··· Given data ···

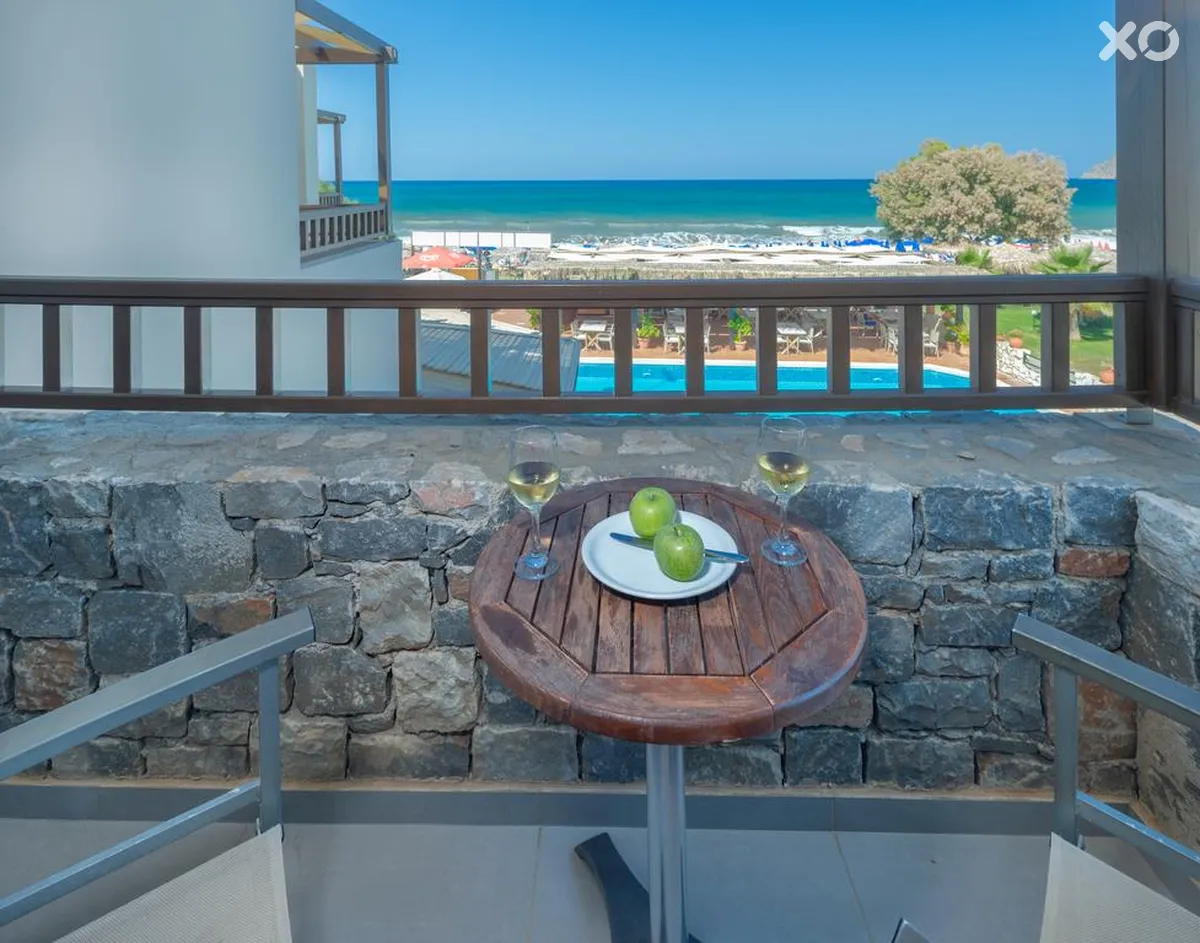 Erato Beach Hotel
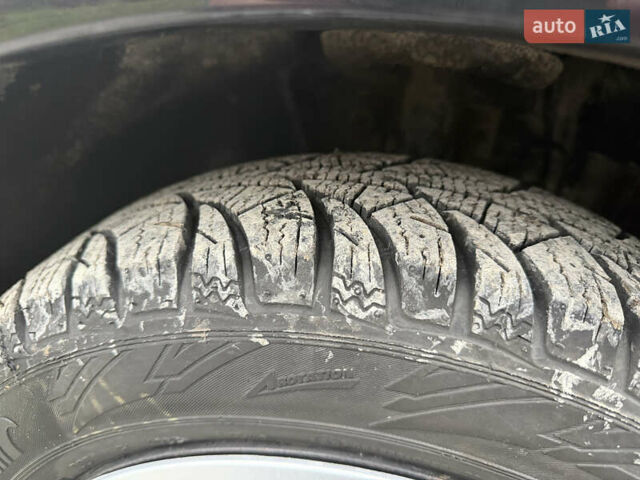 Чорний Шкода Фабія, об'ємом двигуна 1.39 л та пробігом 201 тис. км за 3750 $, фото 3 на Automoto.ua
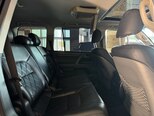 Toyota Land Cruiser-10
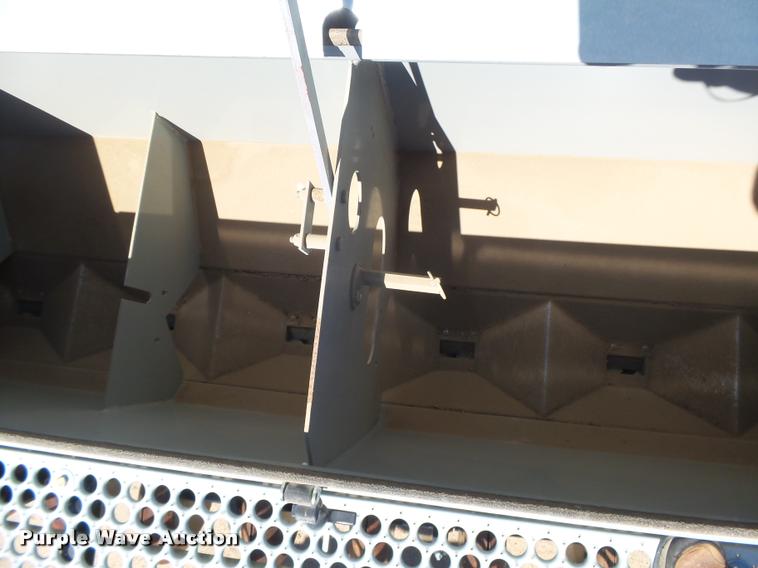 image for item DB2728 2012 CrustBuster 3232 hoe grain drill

···

What to work on -
From the first line to the last, write out the data above exactly. Omit the pictures.

Task output -
 Erato Beach Hotel
 Чорний Шкода Фабія, об'ємом двигуна 1.39 л та пробігом 201 тис. км за 3750 $, фото 3 на Automoto.ua
 Toyota Land Cruiser-10
 image for item DB2728 2012 CrustBuster 3232 hoe grain drill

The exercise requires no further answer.